Эти предложения везло в Москву посольство Станислава Крыского. В русском дипломатическом ведомстве подробно разрабатывались варианты ответов на возможные вопросы и действия переговорщиков. Захват Ливонии предполагалось аргументировать весьма примечательным образом: мол, прибалтийские города сами сдавались Грозному. А которые вздумали сопротивляться и «задуровали», «то всем ведомо — немцы в сечу идут пьяными». В ответ на попытку литовцев сделать комплимент, что русский царь — «не последний» среди европейских правителей, он объявляется «набольшим во вселенной»: «А мы с Божьей волей над собою большего не ведаем никого… но везде Божьим милосердием первые среди государей».
Соответственно, предстояло проверить, достоин ли Стефан Баторий вести переговоры с таким великим монархом? В системе координат русской стороны ответ получался отрицательный. Прежде всего, история отношений Руси, Литвы и Польши однозначно свидетельствовала о подчиненном положении последних. В древности Польша и Литва хотя бы имели приличных правителей, находившихся в родстве с Рюриковичами. А теперь, нарушив божественный порядок, паны избрали своим королем Стефана, который не может претендовать на равный с Грозным статус — «братство». Он может всего лишь писаться «суседом». Но московский царь милостив и готов заключить мир даже с таким ничтожным правителем, как король Стефан.
В ходе дебатов с польской стороны прозвучал важный тезис, уточнивший представления оппонентов о монархии. Один из панов в сердцах бросил, что хоть Стефан и «не с великого государства», но ведь «корона польская величия не утратила». Из этого тезиса видна разница подходов. Для поляков их корона выступает как незыблемый институт, ценный сам по себе, статус которого не могут поколебать ни элекция, ни худородный правитель.
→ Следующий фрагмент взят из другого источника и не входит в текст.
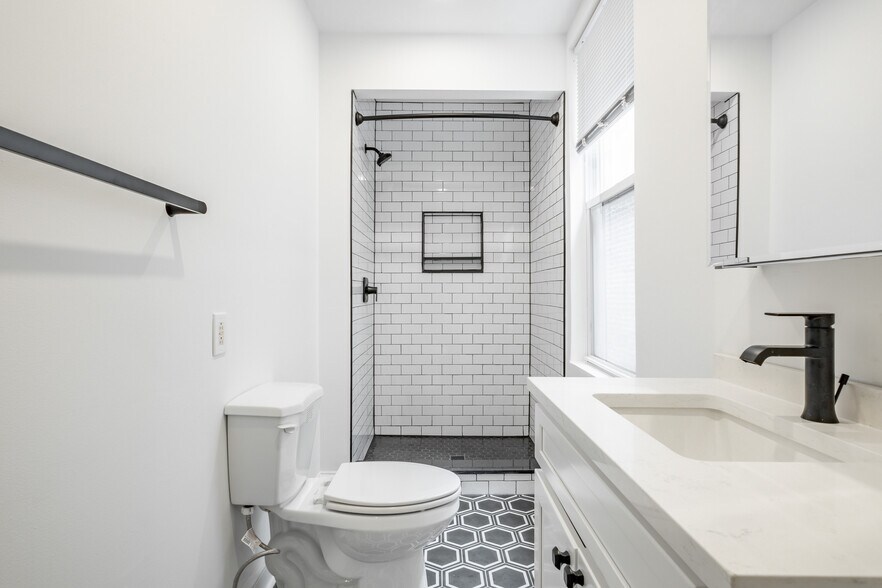 More Photos Of 1805 Chestnut St, Philadelphia Apartments For Sale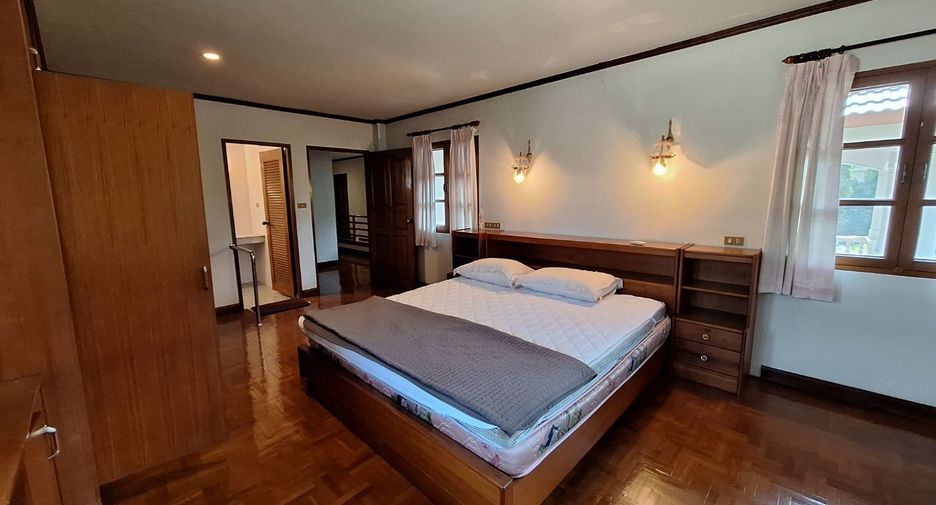 For rent 3 bedrooms house in Mueang Chiang Mai, Chiang Mai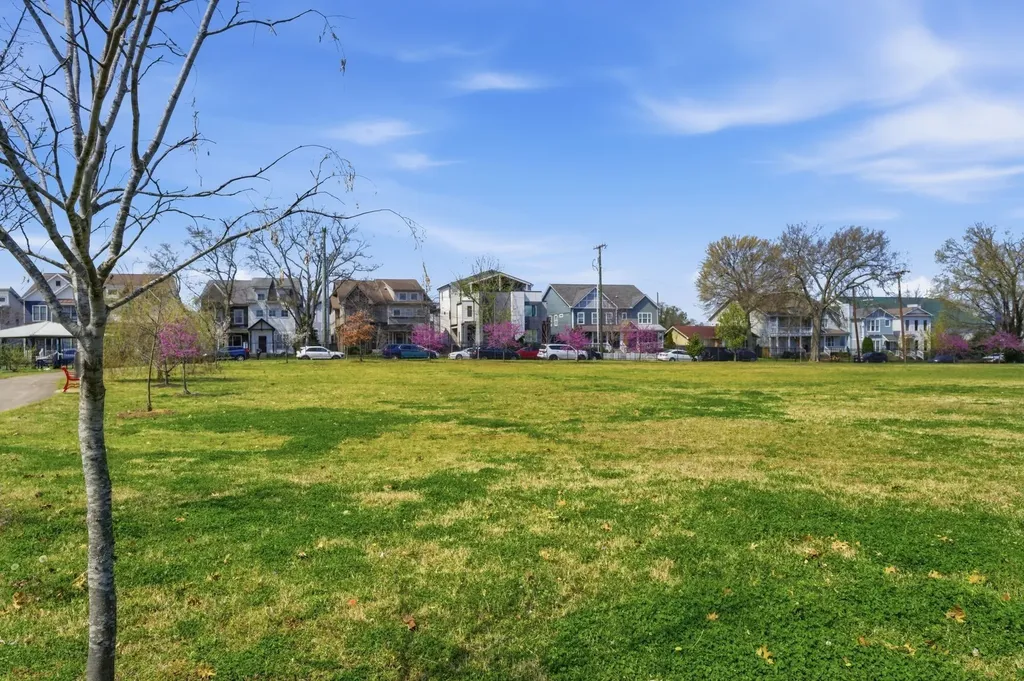 1433 14th Ave, S Nashville TN 37212
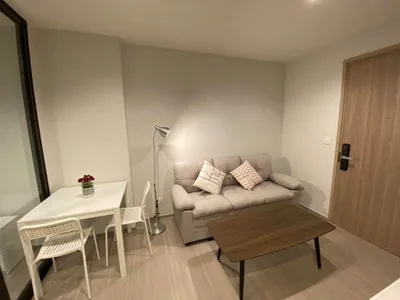Life Sathorn Sierra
Для русских принципиально важной была персонификация власти. Государь — сам по себе живое воплощение института высшей власти, олицетворяющий Бога. Отсюда повышенные требования к происхождению и личности царя и игнорирование других институтов передачи верховной власти.
30 января 1578 года Крыский подписал в Москве перемирие. Оно изначально было нежизнеспособно, потому что итоги победоносного похода 1577 года не могли устроить Батория. Тем более они по-разному трактовались в русском и литовском списках перемирных грамот. В русском содержался пункт о «невступлении» Стефана в Ливонию и Курляндию, правах Ивана IV на Ригу, Куконос, Кокенгаузен, проведение границ между Литвой, Пруссией, Курляндией и Ливонией «по старым рубежам». Таким образом, перемирие 1578 года аннулировало бы Первое и Второе виленские соглашения о переходе Ливонии и Курляндии в подданство правителей Великого княжества Литовского.
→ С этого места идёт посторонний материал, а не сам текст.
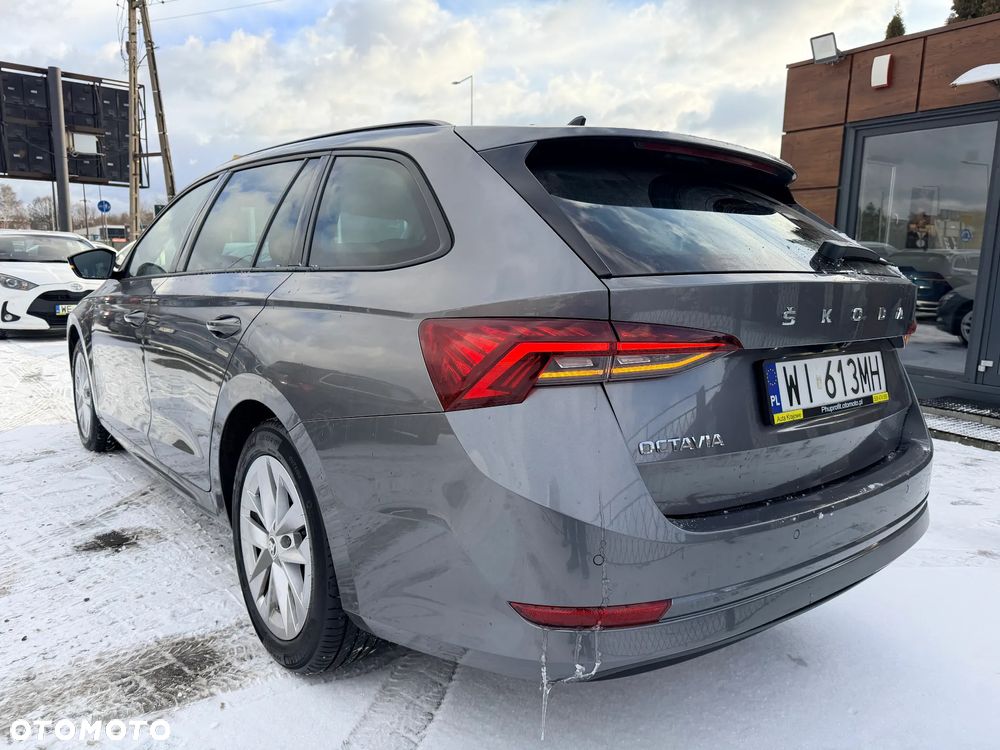 Skoda Octavia 2.0 TDI Ambition - 11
Литовские послы сразу же исключили из своего варианта грамоты пункт о Ливонии и вообще любое упоминание о Ливонии, оставив только роспись русско-литовских рубежей, по которой Полоцк временно, до конца перемирия, оставался в составе России. В результате стороны оказались уверенными в совершенно разных результатах переговоров. Иван Грозный чувствовал себя победителем, добившимся признания Речью Посполитой не только его фактических завоеваний Полоцкой и Ливонской земель, но и прав на Курляндию. Стефан же получил от Крыского вполне приемлемый документ, позволявший отложить до лучших времен возврат Полоцка и проигнорировать вопрос о Ливонии.
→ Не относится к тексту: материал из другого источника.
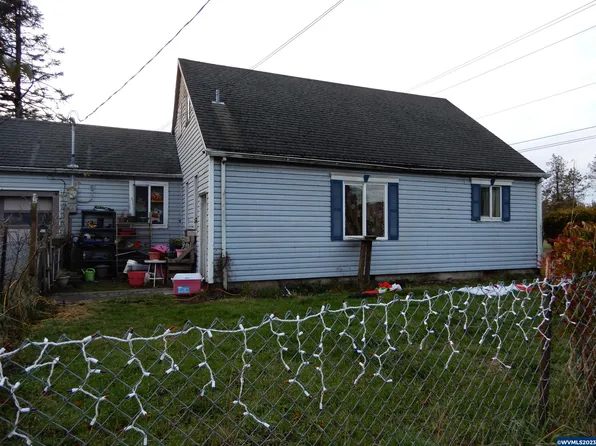 104 Del Monte Ave, Tillamook, OR 97141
Стефан объявил, что перемирие было заключено без его разрешения, и признал договор недействительным. 28 апреля 1578 года он выступил с обращением к епископам, князьям и сенаторам Великого княжества Литовского, обвинив Ивана Грозного в присвоении царского титула и в претензиях «быть дедичем» и над Короной польской, и над Великим княжеством Литовским. Обвинение явно вымышленное, поскольку столь далеко амбиции Ивана не простирались. В качестве подтверждения кровожадной и захватнической политики «Московита» король привел нападение на Ливонию — и портрет врага был готов.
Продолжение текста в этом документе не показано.